Data for review section start

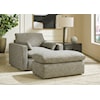 Ashley Furniture Benchcraft Dramatic Oversized Chair and Ottoman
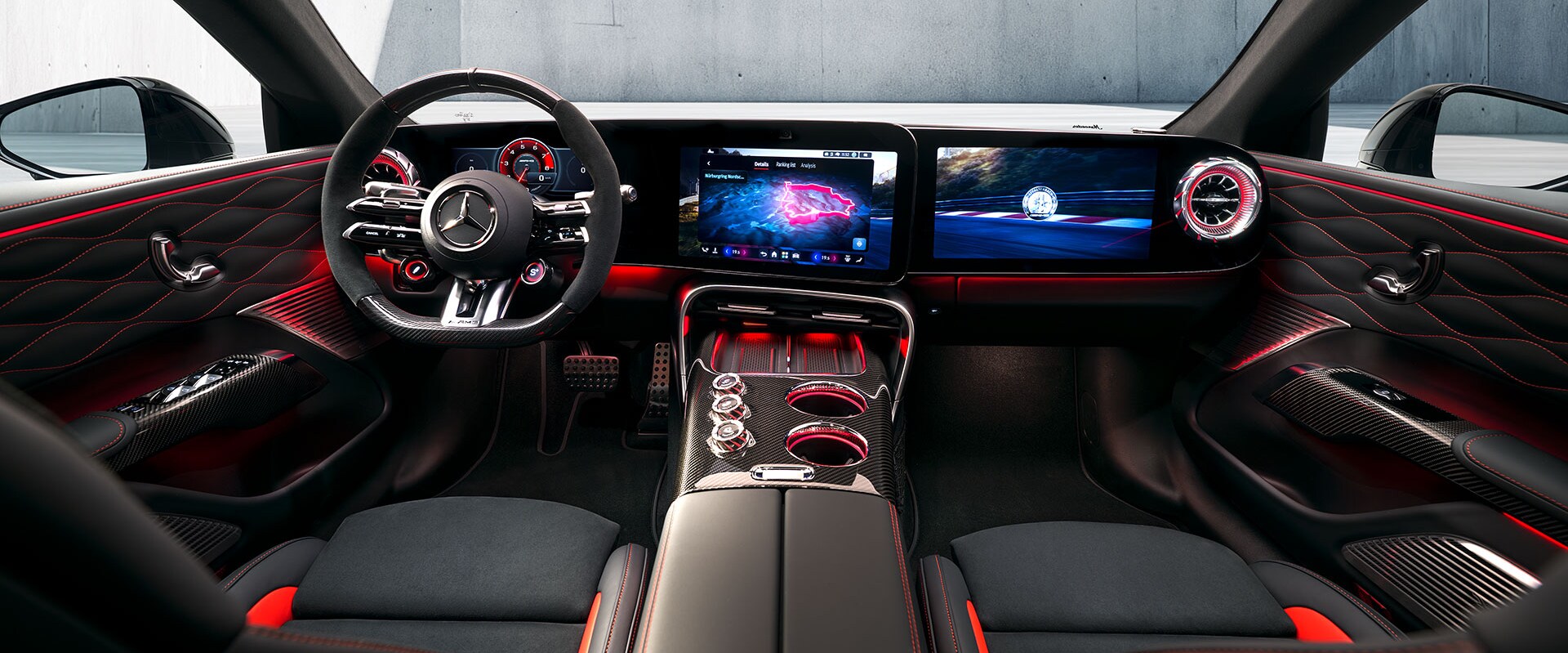 Představení nového vozidla GT čtyřdveřové kupé od Mercedes-AMG.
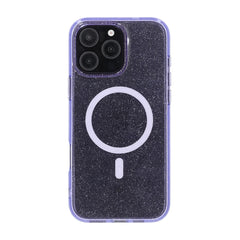 iPhone 16 Pro Max Rvelon Mobilskal TPU med MagSafe - Glitter Lila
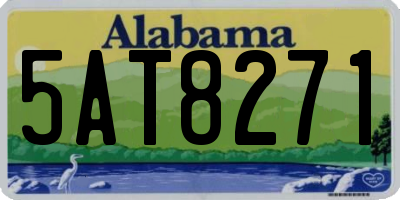 AL license plate 5AT8271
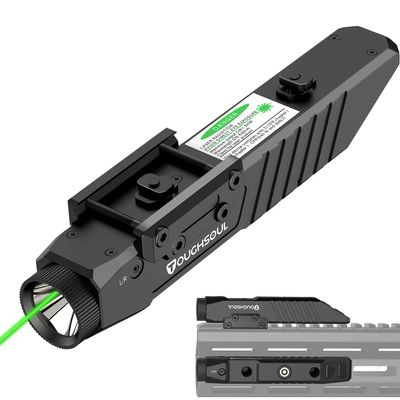 TOUGHSOUL Tactical Flashlight Green Laser Sight Combo
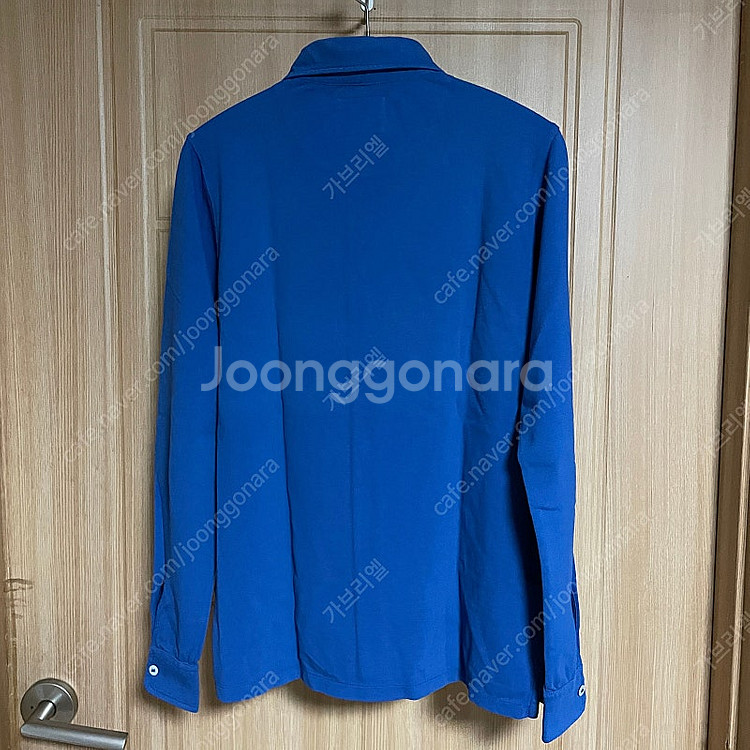 드레익스 페이디드 블루 저지 폴로 롱슬리브 셔츠 34--1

Data for review section end

Description of the task: Give back, word for word, the lines from the line that contains "TOUGHSOUL Tactical Flashlight" through the last line of the records, with no pictures and nothing else.

Reply:
 TOUGHSOUL Tactical Flashlight Green Laser Sight Combo
 드레익스 페이디드 블루 저지 폴로 롱슬리브 셔츠 34--1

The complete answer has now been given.